アイツとこもやな…子供がみんな独立してるし、カミさんしんでアイツ独りや。
そういう風になったら生まれ育った所に帰りたい…そう言うとった。
長崎の田舎に一軒家買うて畑かなんかやりながら暮らすんやて。ハハハ。
…どないしたんや?」
三浦は糸子の目から涙が出た事に気がついた。
「…寂しいないですやろか?そんな独りで…また新しいとこで…」
糸子が涙を零しながら小さい声で三浦に問いかけた。
「寂しいない…かも…しれんけどや…もう心配しちゃんな!
ほれ、あいつは自分で選んだ道や。周防は人間がええさかいな。どこ行ってもちゃんとやっていきよる。第一あんな男が独りで暮らしててみ近所のおばさんらも世話焼きにきよるぞ
泣いちゃる事ない!」
三浦はもらい泣きを必死で堪えながら言った。
― 喫茶店"太鼓"で聡子と北村は座っていた。
「ほなホットケーキ3つや!」
「…何で?3つも」
「お前どうせ2つ食うやんけ(笑)」
「食べへんよ!そない食べる歳ちゃうよ(笑)」
「…なんや寂しいのう」木之元栄作と北村が落ち込む
「いや…そんな言われても食べられへんし…」
「ほな2つで…」北村は寂しそうに注文をした。
― ホットケーキを綺麗に食べる聡子に北村は質問をした。
「お前、ほんでよロンドン行ってどこで何すんよ?」
「…まずは英語の学校行ってな、働けるとこ探す」
「アテはあんのけ?」
「アテはないけど…洋裁の腕はあるよって」聡子は笑顔を見せた。
「お前、大丈夫け?ホンマに…」
「ウチ、こんなんやけど日本でもどないかなってるし。ロンドンでもどないかなると思うねん。犬がどこでもくらせるのと一緒や!」
「…とうとうお前もどっかいってまうんけ」
「寂しいん?」
「アホけ…何でわいが寂しいんや」
からかう聡子に北村は真剣な顔で尋ねた。
「…お前のオカンよ…好きな花、何や?」
― 小原家の居間では糸子と北村の2人が酒を飲んでいた。
部屋の片隅にある花瓶には赤いカーネーションが飾ってあった。
「ほな、すんません。お先に休まさしてもらいますよって」千代が北村に言った。
「お母ちゃん、ゆっくり休んでよ。
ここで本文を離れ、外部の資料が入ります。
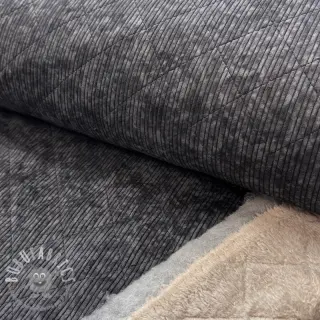 Velluto a coste QUILT black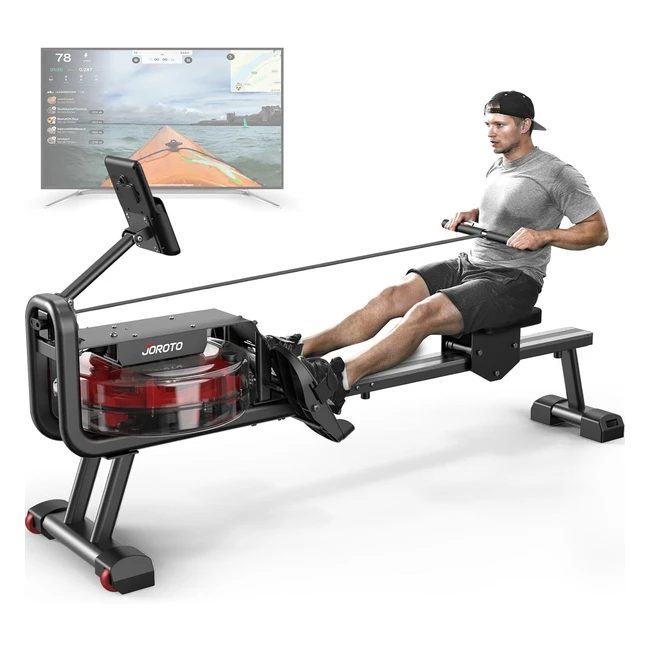 JOROTO MR23 Rowing Machine - Foldable Rower with Bluetooth - 300 lbs Weight Capa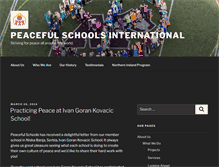 Tablet Screenshot of peacefulschoolsinternational.org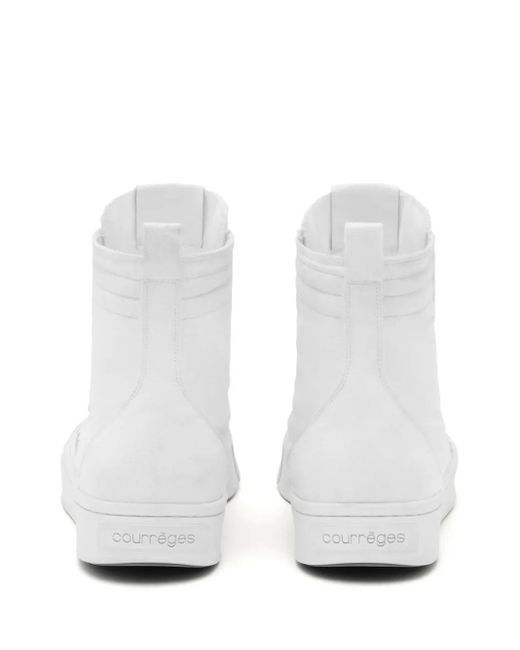 Courreges White Canvas 01 High-Top Sneakers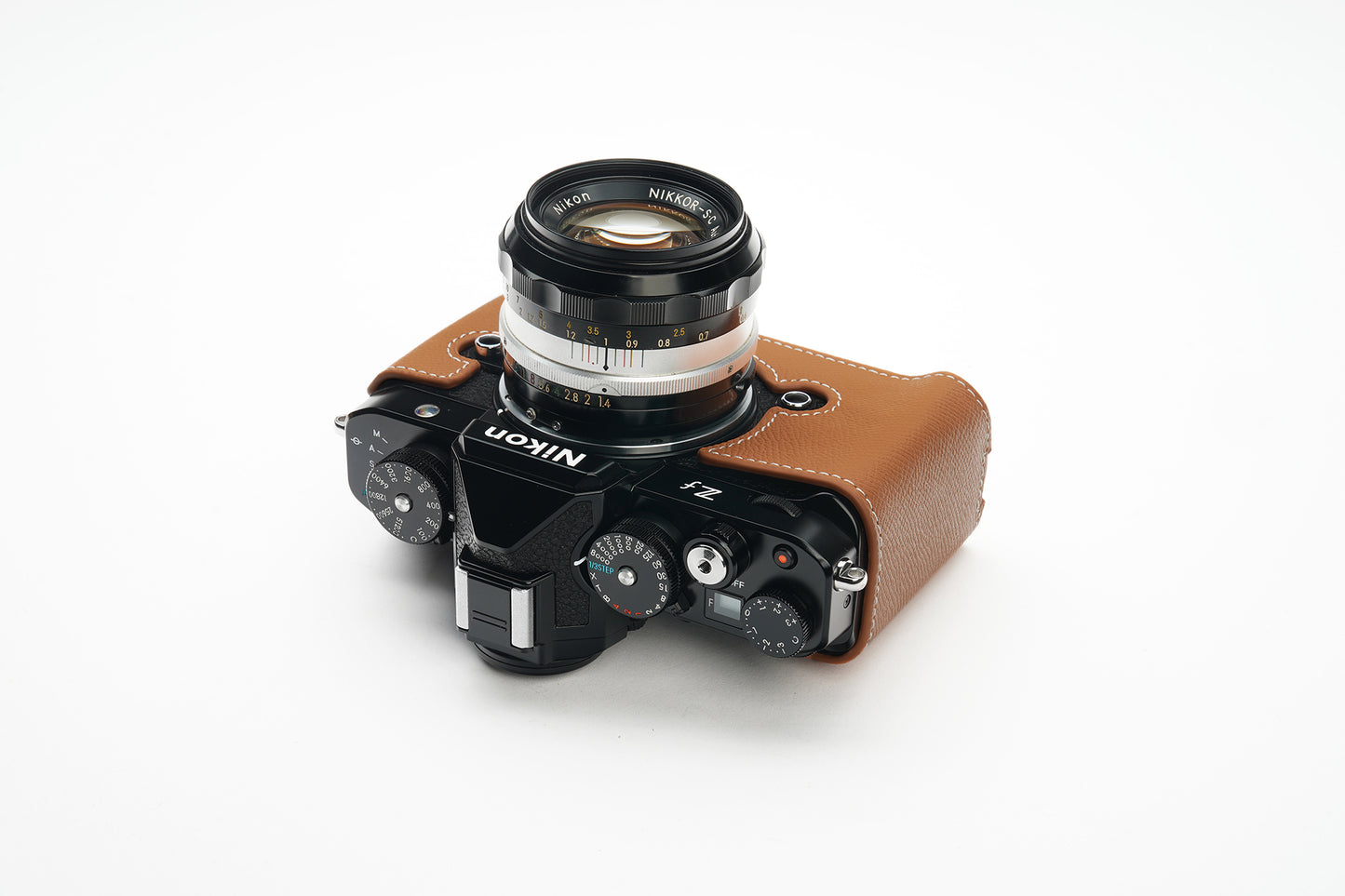 Martinduke epsom leather half case for Nikon Zf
おやすみなさい」
「…で、何や?なんか話あって来たんやろ?」
千代がいなくなったのを確認して糸子が北村を睨んだ。
「…優子からよ…ワイとライセンス契約するちゅう話聞いたけ?」
「聞いてへん…ホンマけ?」
「店開く時にそれが前提の融資やら冗談で言うちゃったら小原優子の名前がホンマに売れたさかいのう…冗談やのうなったわ」
「ふーん、結構なこっちゃ」
「来年あたり東京出るど」
「誰が?優子が?」
「優子と…ワイも」
「ほんなん何も聞いてへん。悟さんはええて言うてんかいな?」
「うん…その前にあんまし上手い事いってへんどあっこ」
「やっぱり、ほうかいな…道理で今年の正月、悟さん顔見せへんかったしな
気にはなっちゃったんや」糸子は台所の鍋で暖めていた熱燗を取った。
「優子の方はよう…『もう別れたい』言うちゃった」
「熱!ホンマかいな!?」
糸子はカーネーションの花を見て、次に北村を睨んだ。
「あんた…何で急に花なんか持って来てん?
わかってんや…ウチはな、昔から人より疎いよってこういう事に。
せやけど…アンタらウチの目をぬすんで何ちゅうことを!おお!?」
「お前、なんか勘違いしてへんけ?…ワイと優子はできてへんど?」
「え?そうちゃうんかいな?」糸子は目を丸くする。
「アホけ!!何でワイが優子とできなアカンねん!気色悪い!」
「何や!ちゃうんかいな、よかったわ~(笑)」糸子は笑いながら体を横にした。
「何もわかってへん!この花はよ…この花は!…お前に買うてきてんど!」
「…え?…おおきに」糸子は体を起して北村に礼を言う。
「…お前…長崎行けへんのんけ?」
「行けへんわ…行くかいな…」
「ほな!ワイ!!!…ワイと東京行けへんけ?」
「東京?何しに?」
「『何しに』…仕事や。決まってるやんけ。東京の新会社の副社長になって欲しい…社長でもエエど…お前がそっちの方がやりやすいやったらよう…」
「うーん…」糸子は腕組みをした。
「おおきに。そら、おおきに。…ちょっと時間くれるか…考えさしてもらいます」
糸子は自分のお猪口に酒を注いだ。
【NHK カーネーション第125回 感想・レビュー】
今日のヤフーニュースに『尾野真千子 俳優の高橋一生(31才)と同棲』とか書いてありますね~。高橋一生といえば、ドラマ『名前のない女神達』というドラマで夫婦役してた記憶があります。そうですか~ほうほう。お幸せに。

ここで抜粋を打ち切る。